Predictions
There are two main ways to generate predictions from the deepSSF models.
Simulate trajectories from the trained model
The primary aim of training the model is to generate animal movement trajectories from the deepSSF model.
Similar to what we showed in the Step Selection Intuition section under the Getting Started tab, providing that we have a habitat selection probability surface and a movement probability surface, we can combine them into a next-step probability surface that we can sample from.
Here’s an example of what the next-step sampling looks like for a trajectory from a model trained on the Sentinel-2 imagery:
Use the trained convolution filters to estimate habitat selection across any extent
As the goal of the habitat selection subnetwork is to predict where the animal is likely to move based on the underlying spatial and temporal covariates, the other prediction approach is to use the learned convolution filters on data of any spatial extent, such as the entire landscape. The result of this is analogous to the ‘naive’ approach of using step selection function (SSF) coefficients equally across the entire landscape (Signer, Fieberg, and Avgar 2017).
The result is not the expected distribution of the animal(s), but rather the habitat selection surface that ignores the movement dynamics (or, assumes that the animal can access anywhere on the landscape at the next step).

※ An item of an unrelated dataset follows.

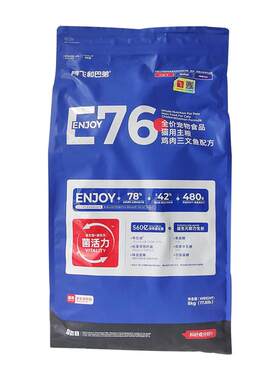 阿飞巴弟E76/E80C回头客超1000+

Predicting over broader areas should also be used with caution as covariate values that were not encountered during model training may produce inaccurate or misleading results. Acknowledging these assumptions, we include the landscape-scale habitat selection to suggest they have some utility.
Primarily, the resultant habitat selection map provides a visual representation of what the habitat selection subnetwork has learned from the environmental covariates, and how this changes with respect to the other covariates such as the hour and day of the year. This can be used as a diagnostic tool for further model development, or as an end in itself, as it highlights the features present in the environmental covariates that the model considered to be influential in determining the next-step’s location. From these maps, we can also directly plot the correlation between the covariate values and the habitat selection prediction probability, which represents the marginal contribution of the covariate values. We provide examples of this in the Inference section.
Here’s an example of the habitat selection surfaces for two days of the year (highlighting that the model learned differing daily habitat selection across the seasons). Both of these results are from the models fitted to the Sentinel-2 satellite imagery + slope:
Scripts
We have scripts for both approaches with the derived covariates (NDVI, canopy cover, herbaceous vegetation and slope) and the Sentinel-2 satellite imagery + slope, which are both written in Python as they use PyTorch for the convolutional layers.